Keine weiträumigen Standweiden: Die ständige Behirtung sei erst ab 30 Normalstössen (350 Schafen) finanzierbar. Alpen mit 10 bis 30 Normalstössen (oder 115 bis 350 Schafen) könnten in einem Umtriebsweidesystem mit Herdenschutzhunden geschützt werden, was aber geeignete Weideflächen voraussetze und damit nicht auf allen Alpen möglich sei. Namentlich Standweiden in den Zentral- und Südalpen wären somit wegen ihrer Weiträumigkeit und kargen Vegetation nicht zumutbar schützbar.
Keine Ziegenalpen: Ziegen weiden meist frei und in sehr anspruchsvollem Gelände. Da es heute keine Beiträge für die Sömmerung von Ziegen in geschützten Weidesystemen gibt, seien Ziegenalpen sämtlich nicht zumutbar schützbar.
Keine Rindviehalpen: Auf Rindviehalpen ist laut der RKGK grundsätzlich kein Herdenschutz möglich und sie sollten daher ebenfalls als nicht zumutbar schützbar gelten. Als die einzige wirksame Massnahme werden Abkalbekoppeln genannt.
Noch sind die Arbeiten der RKGK in dieser Sache nicht abgeschlossen: Man plane weitere Kriterien und «substanzielle» Aussagen zu Interessenkonflikten. Dabei geht es um Konflikte zwischen Kulturlandschaftspflege und Tourismus auf der einen und dem Arten- und Lebensraumschutz auf der anderen Seite.
Sofortmassnahmen für schnellere Abschüsse
Der kurze Alpsommer bedinge, dass Bewilligungen rasch erteilt werden, heisst es weiter. Erfahrungsgemäss seien die administrativen Abläufe bis zur Abschussbewilligung heute «viel zu schwerfällig» und müssten vereinfacht werden. Daher fordern die Gebirgskantone vom Bund eine markante Vereinfachung und genügend Ressourcen, um Abschüsse künftig «innert kürzester Zeit» bewilligen zu können.
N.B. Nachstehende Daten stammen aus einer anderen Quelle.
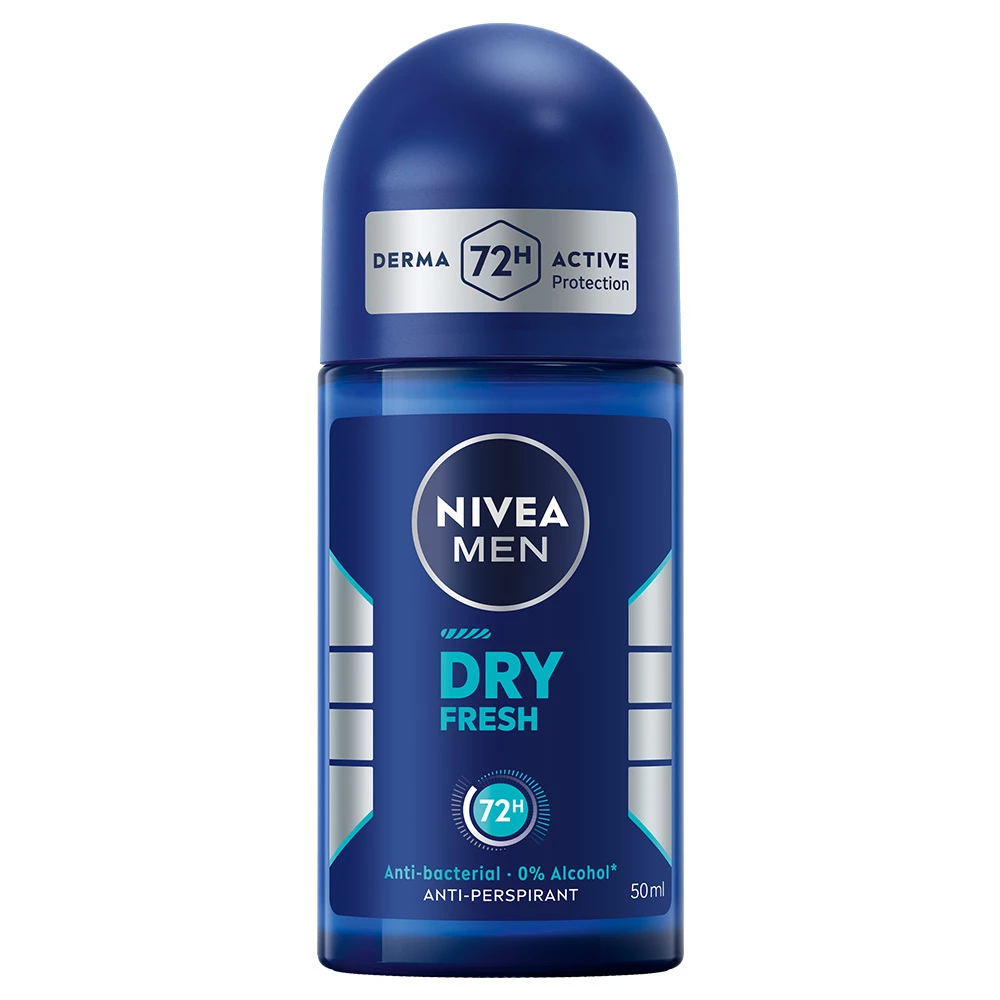 Dry Fresh Roll On For Men 50 ml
Entsprechende Massnahmen seien rechtzeitig zum Alpsommer 2022 umzusetzen.
Besseres Wolfsmanagement als längerfristiges Ziel
Da die vom Parlament angestossene Revision des Jagdgesetzes erst 2023 behandelt werden dürfte, müssten für dieses Jahr die oben genannten, auf das geltende Gesetz abgestützten Sofortmassnahmen umgesetzt werden.
Für die Gebirgskantone steht angesichts der wachsenden Wolfpopulation in der Schweiz aber ausser Frage, dass auch das Wolfsmanagement dringend angepasst werden muss. «Es braucht Möglichkeiten zur Regulation des Wolfsbestands, ohne diesen dabei zu gefährden», hält die RKGK fest. Das Parlament müsse die entsprechenden Massnahmen im Gesetz festlegen.
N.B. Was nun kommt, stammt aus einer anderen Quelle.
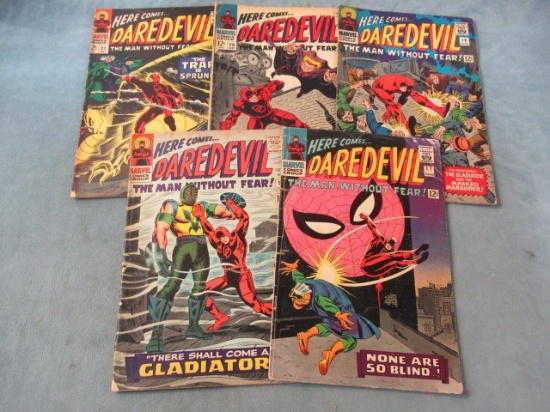 Daredevil #17-21/Marvel Silver Age!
Das Bafu will die Vorschläge prüfen
Wie ein Sprecher des Bundesamts für Umwelt (Bafu) gegenüber dem «Walliser Boten» sagt, hat das Amt für den kommenden Alpsommer selbst eine Kriterienliste erarbeitet. Damit sollen Alpen ausgeschieden werden, die als nicht zumutbar schützbar gelten. In diesem Rahmen werde man auch die Vorschläge der Gebirgskantone prüfen. Die Kriterien werden nach Angaben des Bafu als Vollzugshilfe die Basis für den Entscheid der Kantone dienen. Solange das Bundesrecht eingehalten werde, könnten die Kantone aber auch ein anderes Vorgehen wählen. Die Jagdverordnung müsse dazu nicht angepasst werden.
«Herdenschutz ist sehr erfolgreich»
Die Gruppe Wolf Schweiz sieht keinerlei Bedarf bei der Anpassung der Kriterien, wie der Präsident David Gerke auf Anfrage von Keystone-SDA schreibt. Im letzten Jahr habe es weniger Risse gegeben, trotz wachsender Wolfsbestände.
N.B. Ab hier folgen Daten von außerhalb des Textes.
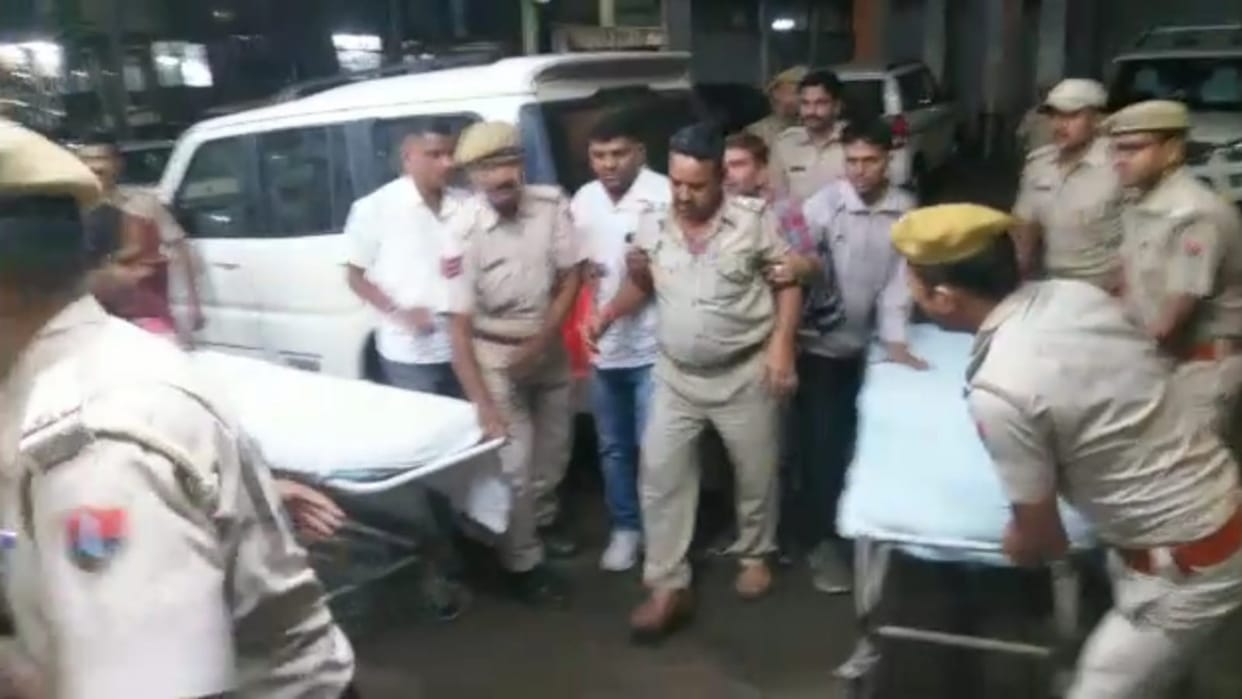 Rania gang fired on police in Mandwa 6 soldiers including SHO Uttam Singh injured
«Der Herdenschutz ist in hohem Masse erfolgreich. So ist etwa die Zahl der Risse in durch Herdenschutzhunde geschützten Herden nicht zunehmend, sondern auf tiefem Niveau sogar rückläufig. Dies wird durch die Zahlen der nationalen Herdenschutzfachstelle belegt», teilt Gerke mit.
Wer ist die RKGK?
Zur 1981 gegründeten Regierungskonferenz der Gebirgskantone (RKGK) gehören die Regierungen der Kantone Uri, Obwalden, Nidwalden, Glarus, Appenzell Innerrhoden, Graubünden, Tessin und Wallis. Gemeinsam setzen sie sich für eine Vertretung gebirgsspezifischer Anliegen und Interessen im In- und Ausland ein. Die Flächen der zur RKGK gehörenden Kantone umfassen 43,3 Prozent der Schweizer Landesfläche, auf denen mit 1,1 Millionen Menschen 13 Prozent der hiesigen Bevölkerung wohnen.